3) can't happen if you set NULL to the pointer in the vector.
2) might happen too. In you case, you're using a std::vector, right? Make sure that implicit manipulations of the vector (like reallocation of the internal buffer when not big enough anymore) doesn't corrupt your list.
So, first check that you delete NULL pointers (note that delete(NULL) will not throw! it's the standard and valid behaviour! ) - in your case you shouldn't get to the point to try to delete(NULL).
Then if it never happen, check that you're not having your vector fill with pointers pointing to trash. For example, you should make sure you're familiar with the [Remove-Erase idiom][1].
Now that you added some code I think I can see the problem :
int tid = _myVec.size();
You're using indice as ids.
Now, all depends on the way you delete your objects. (please show it for a more complete answer)
You just set the pointer to NULL.
You remove the pointer from the vector.
If you only do 1), then it should be safe (if you don't bother having a vector that grows and never get released and ids aren't re-used).

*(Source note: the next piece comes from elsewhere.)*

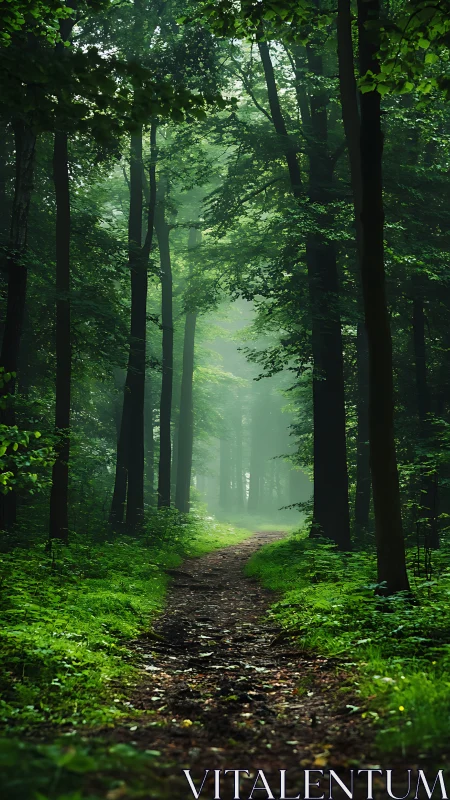 Verdant forest pathway dissolving into luminous atmospheric haze.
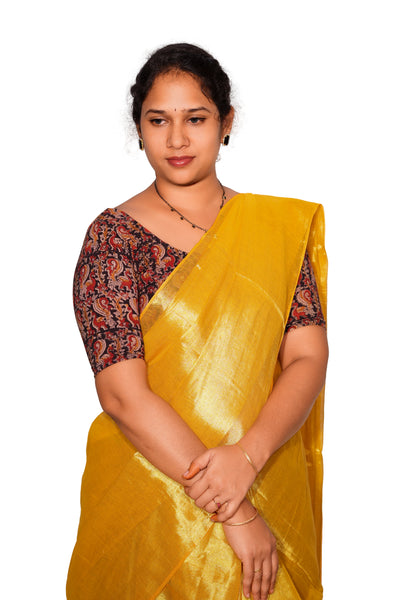 KALAMKARI ROUND NECK 10 INCH HANDS STRECHBLE BLOUSE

If you do 2. then this is all wrong : each time you remove an object from a vector, all the object still contains after the removed object position will be lowered by one. Making any stored id/index invalid.
Make sure you're coherent on this point, it is certainly a source of errors.
that segmentation fault is most probably and memory access violation. Some reasons
1) object already deallocated. be sure you set that array position on NULL after delete
2) you are out of array bounds
3) if you access that array from multiple threads make sure you are synchronizing correctly
If you're completely certain that pointer points to a valid object, and that the act of deleting it causes the crash, then you have heap corruption.
You should try using a ptr_vector, unlike your code, it's guaranteed to be exception-safe.
Hint: if you write delete, you're doing it wrong
You can't be sure that the object is still valid: the memory that was occupied by the object is not necessarily cleaned, and therefore, you can be seeing something that appears to be your object but it is not anymore.
You can use a mark in order to be sure that the object is still alive, and delete that mark in the destructor.
class A {
public:
static const unsigned int Inactive;
static const unsigned int Active;
A();
~A();
/* more things ...*/
private:
unsigned int mark;
};
const unsigned int A::Inactive = 0xDEADBEEF;
const unsigned int A::Active = 0x11BEBEEF;
A::A() : mark( Active )
{}
A::~A()
{
mark = Inactive;
}
This way, checking the first 4 bytes in your object you can easily verify whether your object has finished its live or not.